Vien Phuong also remembered the occasion well. “She was a very good dancer and member of the cultural group. She had been dancing at Nha Be, but when we heard she was pregnant
we called her back to Cu Chi because, though it is hard to believe, Cu Chi was safer than Nha Be. When she came back to Cu Chi we suggested she should go and live among the people, but she refused. She said she was a performer and anyway she was well known by the people and the puppets [those who worked for the South Vietnamese government]. She said if she lived in an enemy-controlled area she would be arrested. The woman was carrying her first baby. We were all living underground then; there were no more houses left above. When she felt her first pains we thought she would have the baby in the morning; usually the enemy raided in the morning. I knew it was time to get her a midwife nurse to deliver the baby, as the one nurse in our tunnel section could not do it herself. I left the tunnel to look for a midwife and bring her back. A plane was circling overhead and I was running and trying to hide from the plane. They only needed to see one person and the attacks would start again. Finally I got a message to a doctor at the military hospital. He arrived, but only just in time.”

Dang Thi Lanh continued: “I think the doctor arrived at about one o'clock. I was already off the hammock, lying on the floor on a mat, and that's just where my daughter was born. There was hot water, medicine, and a bandage. The birth took about an hour. It was very painful, very painful. There was no change of clothing, we had only a handkerchief for the baby. I was worried about infection, with so much earth around, but it must have been clean enough in there for there was no infection. They put my daughter in another hammock and I was able to give her milk from my breast, but there was very little. The baby stayed with me for twenty hours and drank a little sugared water when I was unable to give her milk. After the big American operation was over they took me and the baby to Trung Lap, where the local mothers' association looked after us. It was an enemy-controlled area during the day, but at night it was controlled by the Communists. Six months later I returned to the tunnels, singing and dancing with the original troupe. My grandfather looked after Tranh Thi Hien.

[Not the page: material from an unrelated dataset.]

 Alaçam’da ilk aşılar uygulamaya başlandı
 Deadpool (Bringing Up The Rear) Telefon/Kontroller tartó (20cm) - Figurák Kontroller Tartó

“I stayed in the tunnels until 1968 and then joined the Tet offensive in Go Vap. After that I returned to the tunnels until 1970, when I returned to Saigon city to work for the revolution. I was caught that July and sent to prison for three months. I
was tortured by the ARVN soldiers and an American who was in the cell. They beat me up and passed electricity through my body. Eventually, on 19 May 1975, I was reunited with my daughter. She was nearly eight years old. I had hardly seen her since I left her with my grandfather. All her childhood had gone by without me. Then I was reunited with my husband. He was very seriously wounded and has been unable to work since. We get a state pension; we live in one room. It was worth it. Would I do it again? That's a very hard question to answer. It was a valuable experience. Tranh Thi Hien is sixteen now, is at school, attends night classes, and wants to become a doctor. I had my second daughter, Tranh Dang Minh Hien, in a hospital. It was nice. It was all much easier.”